I want to scream...

There is little that hurts me as much as seeing the pervasive myth of beauty hurting people I love.
In my reality, the question I ask is not "Are you beautiful?" but rather "In what way are you beautiful?" It is NOT new-agey we-love-the-world crap to say that there is beauty in everyone... I can SEE it... and I can FEEL it...
I think it's a fantasy to think that anyone can be ugly... and I think that it is a delusion to believe that there is ANY standard of beauty that can be universally applied to all people. There cannot be absolute measurements of beauty in a world where attractiveness and beauty are determined by individual interactions, and those interactions vary as much as they do in our world.
It is an axiom of my beliefs that no matter who you are, what you believe, what you look like, etc. there will always be those that think you are the ugliest person on the planet, and others that see you as the most beautiful creature they have ever laid eyes upon. And it's not just about "inner beauty" alone, but about physical appearance, too.
When people look at you, they see a reflection of how you see yourself. Change how you see yourself, and you'll change what others see as well.
Oh, and you REALLY need to read
this as an analysis of why our culture views beauty the way it does. Each person and thing has beauty because life is a diversity of qualities, not a one dimensional ranking of qualities...
A truly radical resolution would be to embrace existence just as it is, as the only thing that matters, to proclaim that this world itself is heaven, made for our total enjoyment and fulfillment. . . and then, to ask: If that’s the case, how do we act accordingly? What have we been doing wrong all this time?

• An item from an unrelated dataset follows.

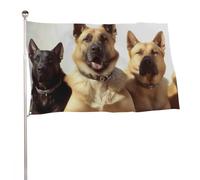 Bandiera da giardino 88,9 x 150 cm per esterni, a prova di sbiadimento, bandiera decorativa da cortile per cani, grande bandiera con occhielli in ottone, striscione resistente per prato, patio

In doing so, we would finally have to accept and embrace ourselves exactly as we are, in all our diversity and variety, and free ourselves from the shadow of the false heaven of Plato and the advertising agents, where “real” beauty supposedly resides. Liberated entirely from standards, from the lingering ghost of Christian judgment and condemnation, we could see that what we are must itself constitute the measure and meaning of beauty, of dignity and magnificence, if such concepts are to exist at all.